▶

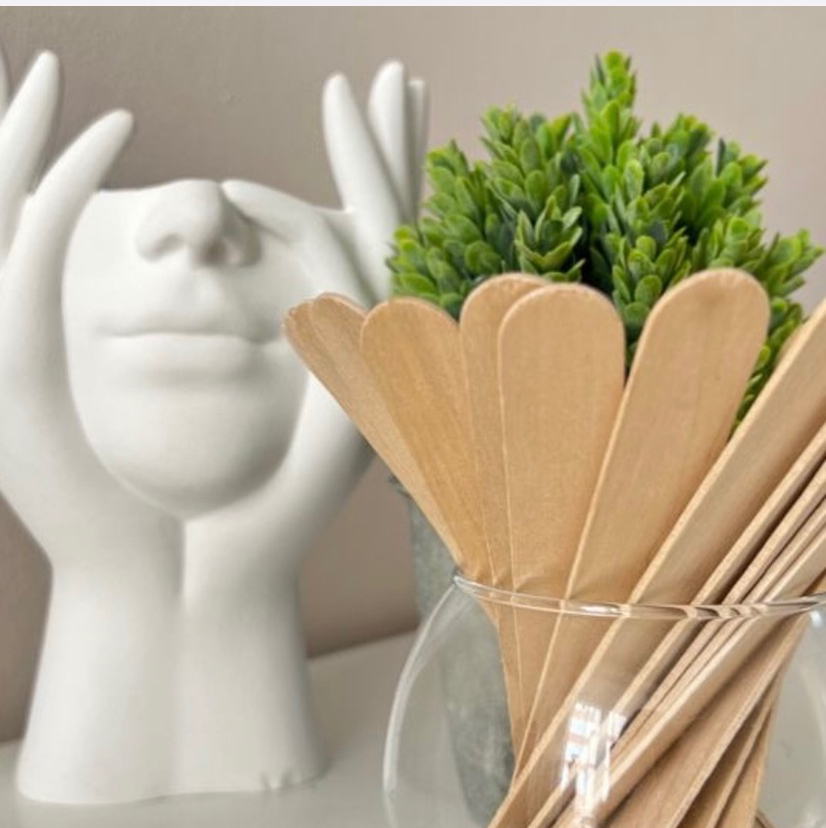 Зона верхней губы шугаринг/воск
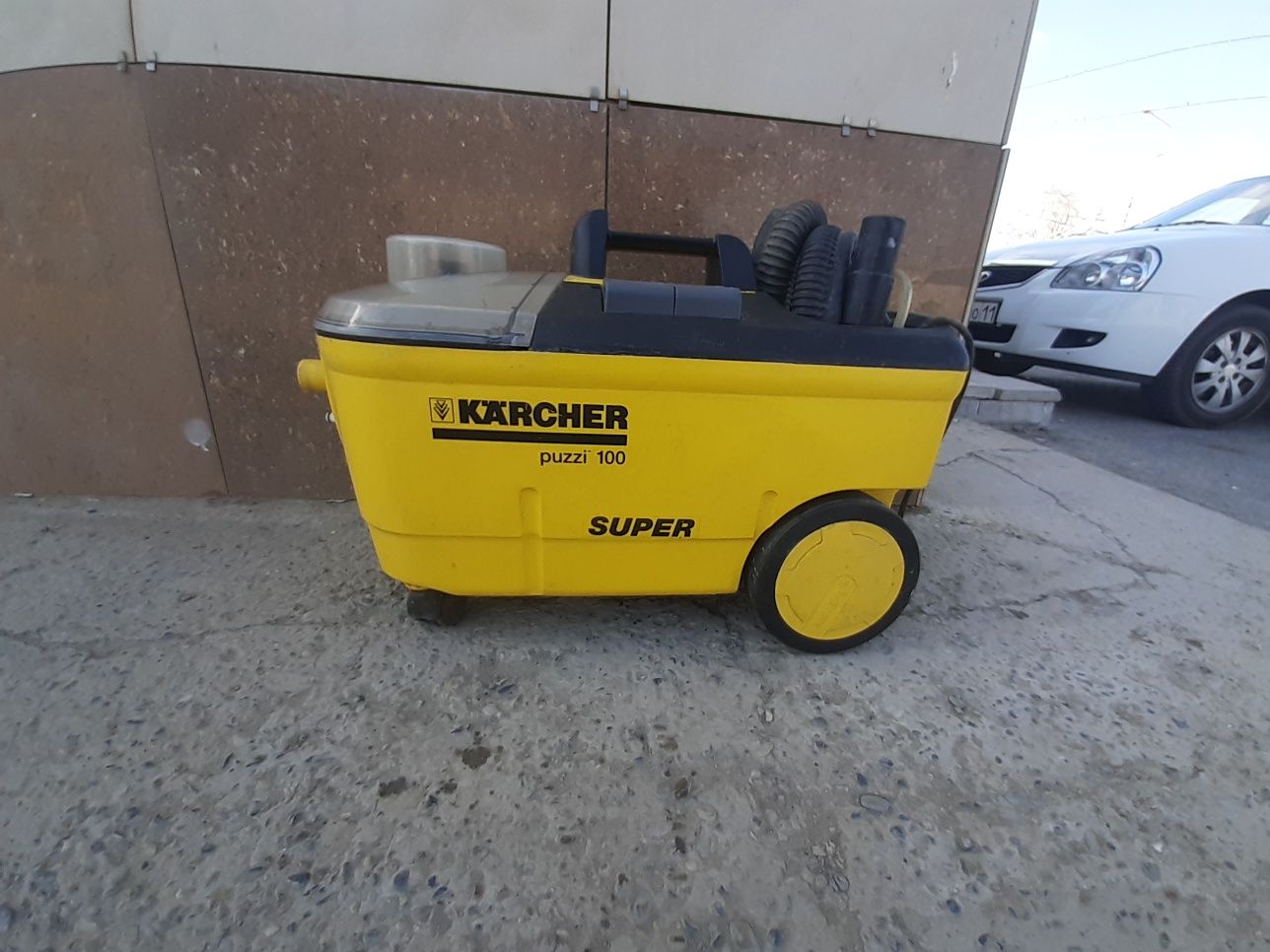 Продам профессиональное моющий пылесос KARCHER PUZZI  100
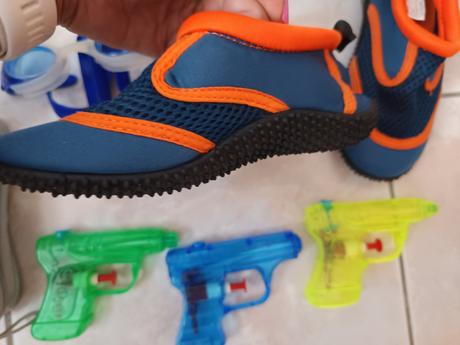 Kúpacie okuliare a topánky do vody,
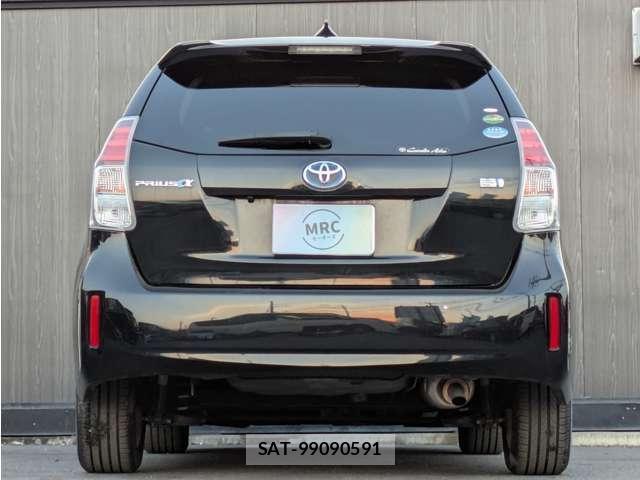 Toyota PRIUS ALPHA 2015-02 8328410-6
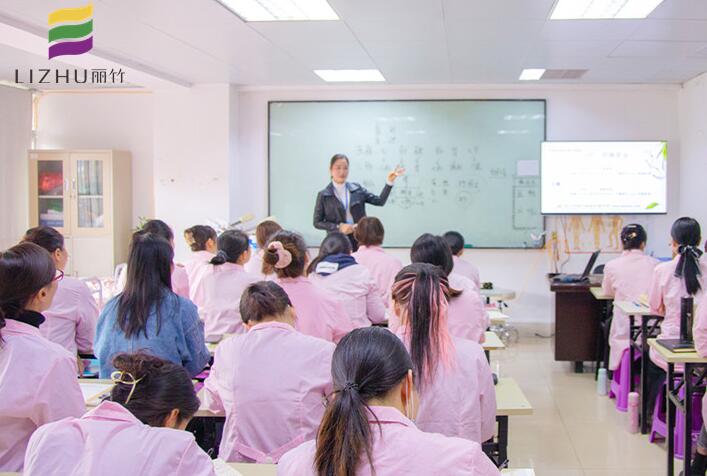 美容學(xué)理論知識重要嗎？廣西專業(yè)美容培訓(xùn)告訴你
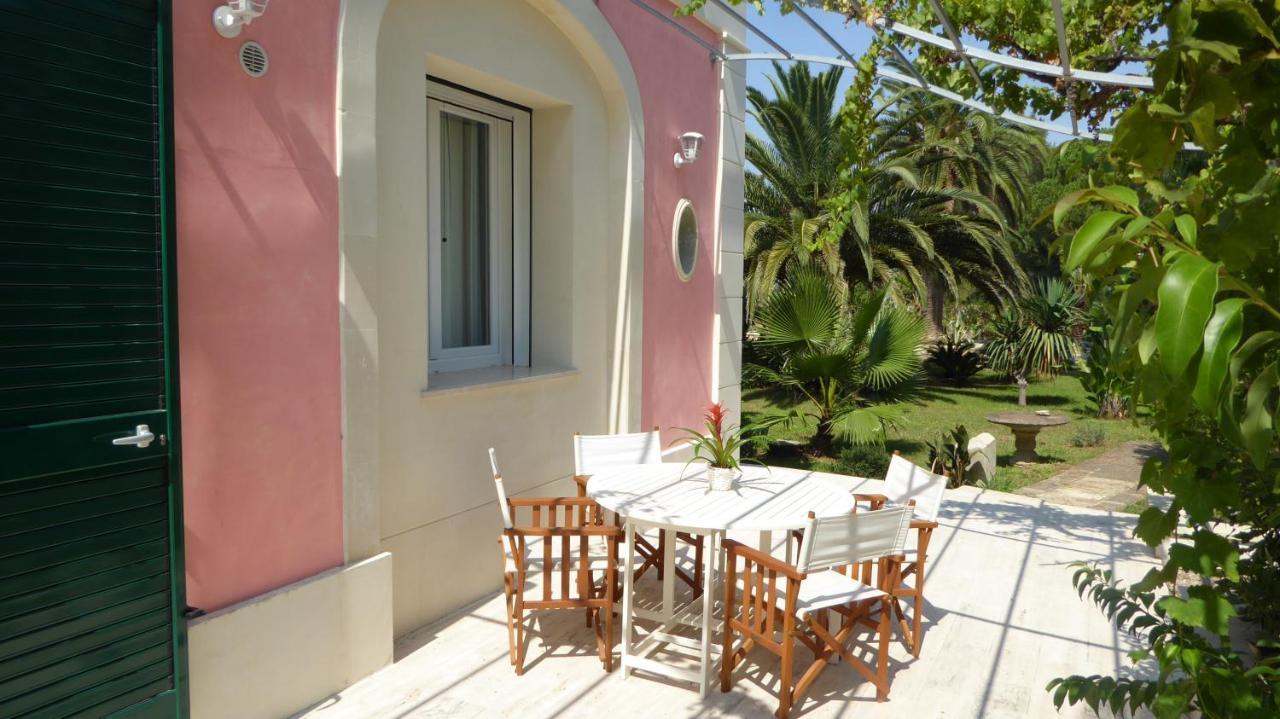 Villa Sirgole Rosa With Pool, Galatina Кутрофьяно Экстерьер фото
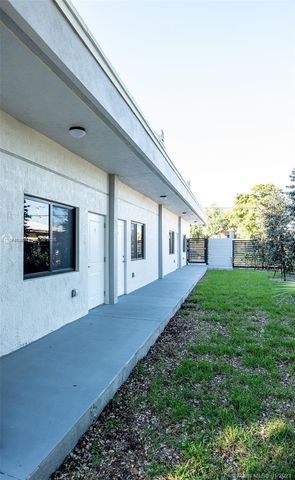 120 NE 71st St 4, Miami, FL 33138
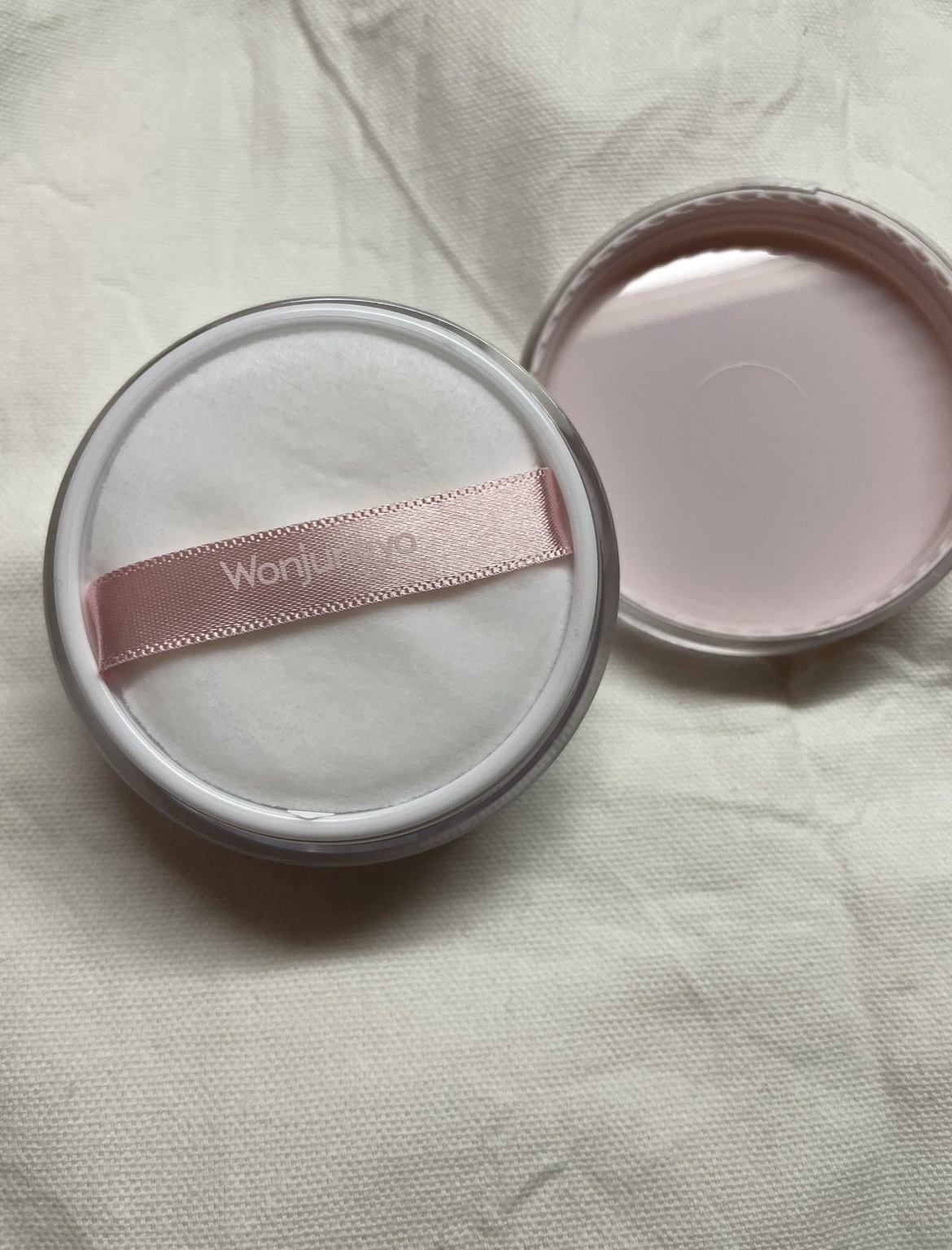 ウォンジョンヨ フィクシングブラーパウダー N 01 プレーンピンク（推しの子限定パッケージ）/Wonjungyo/ルースパウダーを使ったクチコミ（3枚目）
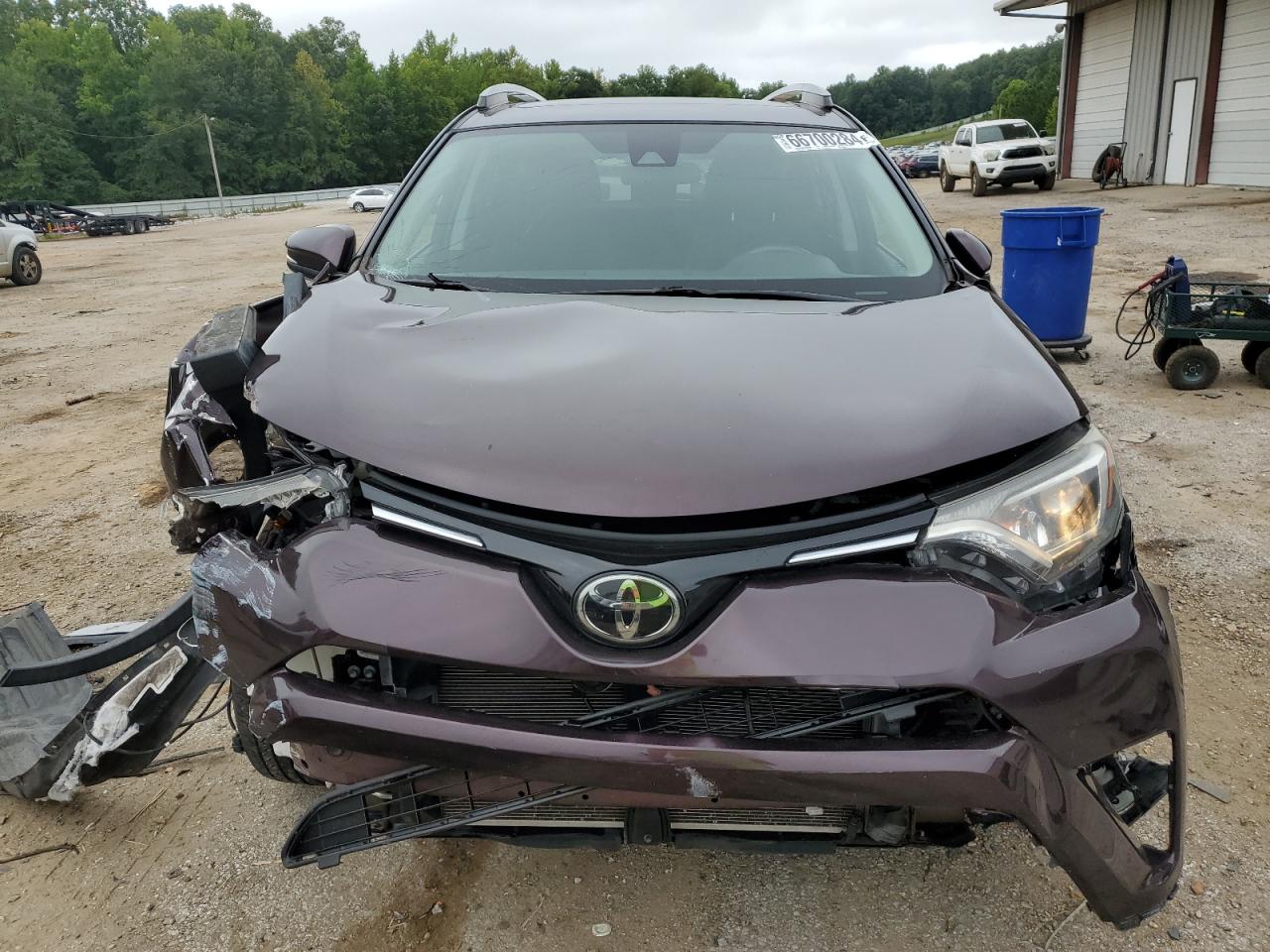 Lot #2771521311 2017 TOYOTA RAV4 XLE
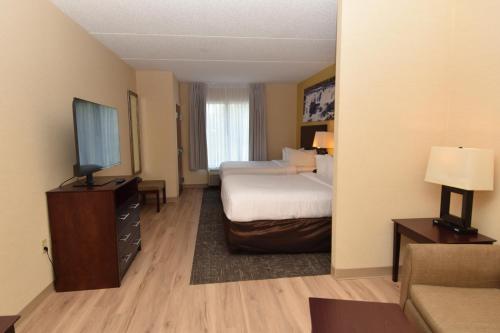 The Cicero Grand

◀

§ **Instructions for the task**: Copy exactly, and copy nothing else: the lines from the one containing "Продам профессиональное моющий" through the end of the data, both ends included, with pictures left out.

§ **Solution for this task**:
 Продам профессиональное моющий пылесос KARCHER PUZZI  100
 Kúpacie okuliare a topánky do vody,
 Toyota PRIUS ALPHA 2015-02 8328410-6
 美容學(xué)理論知識重要嗎？廣西專業(yè)美容培訓(xùn)告訴你
 Villa Sirgole Rosa With Pool, Galatina Кутрофьяно Экстерьер фото
 120 NE 71st St 4, Miami, FL 33138
 ウォンジョンヨ フィクシングブラーパウダー N 01 プレーンピンク（推しの子限定パッケージ）/Wonjungyo/ルースパウダーを使ったクチコミ（3枚目）
 Lot #2771521311 2017 TOYOTA RAV4 XLE
 The Cicero Grand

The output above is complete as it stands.